This year marks the 50th anniversary of Richard Lester’s A Hard Day’s Night (1964), the movie that both cemented Beatlemania and served — and still serves — as the most persuasive chronicle of that phenomenon. The first time I saw A Hard Day’s Night, I was 9 years old. It may be hard to believe now, but the kids in the theater screamed just as if they were at a concert every time the Beatles sang. The theater I saw it in — the State Theater in Lake Wales, Florida — has since been divided into a Jehovah’s Witness Kingdom Hall and the Young Republicans Club. Fortunately, time has been far kinder to the movie than to the more concrete pieces of my childhood. The film feels as fresh and inventive today as it did in 1964. It has become something more, as well: a document of an era.

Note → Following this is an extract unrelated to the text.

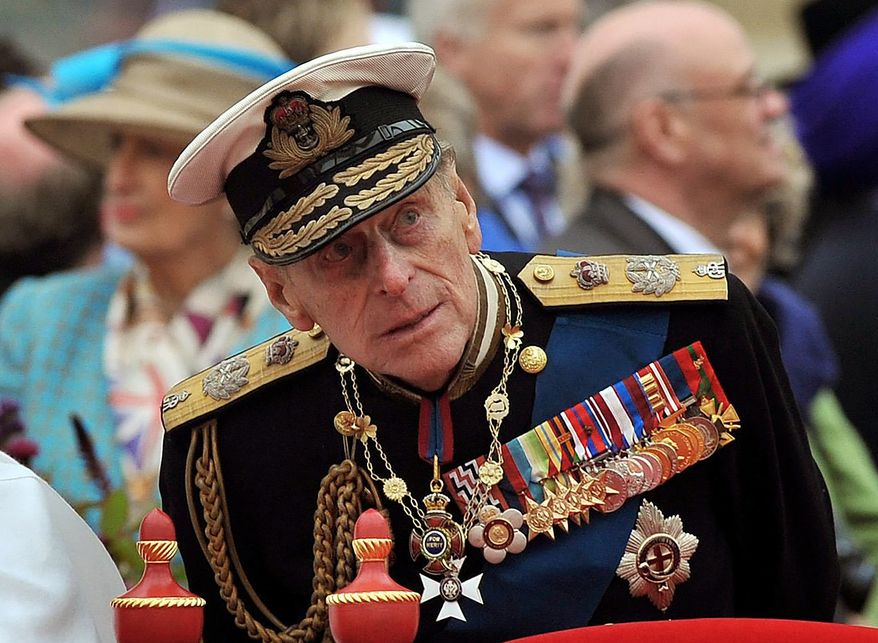 A Sunday June 3, 2012, photo from files showing Prince Philip watching the proceedings from the royal barge during the Diamond Jubilee Pageant on the River Thames in London. Buckingham Palace said Thursday March 4, 2021, that Prince Philip has undergone a successful procedure for a pre-existing heart condition, and will remain in hospital "for a number of days." (AP Photo/John Stillwell, Pool File)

The irony here is that A Hard Day’s Night is often incorrectly described as a documentary, which is the one thing it never was and was never intended to be — considering its carefully crafted screenplay by the highly regarded Welsh writer, Alun Owen. Yet time has made the film the ultimate documentary on the myth that was the Beatles and the phenomenon that was Beatlemania (the film’s actual shooting title). A Hard Day’s Night’s plot can be summed up in one sentence: The Beatles go to the south of England to appear on a TV special. Within that deceptively simple plot, however, director Lester and those four lads from Liverpool created something unique. A Hard Day’s Night not only defined and refined the public image of the Beatles, it established the basic style of 1960s filmmaking (it can, in fact, be called the birth of modern film) and caused the movie-going world to completely rethink the term, “a British picture.”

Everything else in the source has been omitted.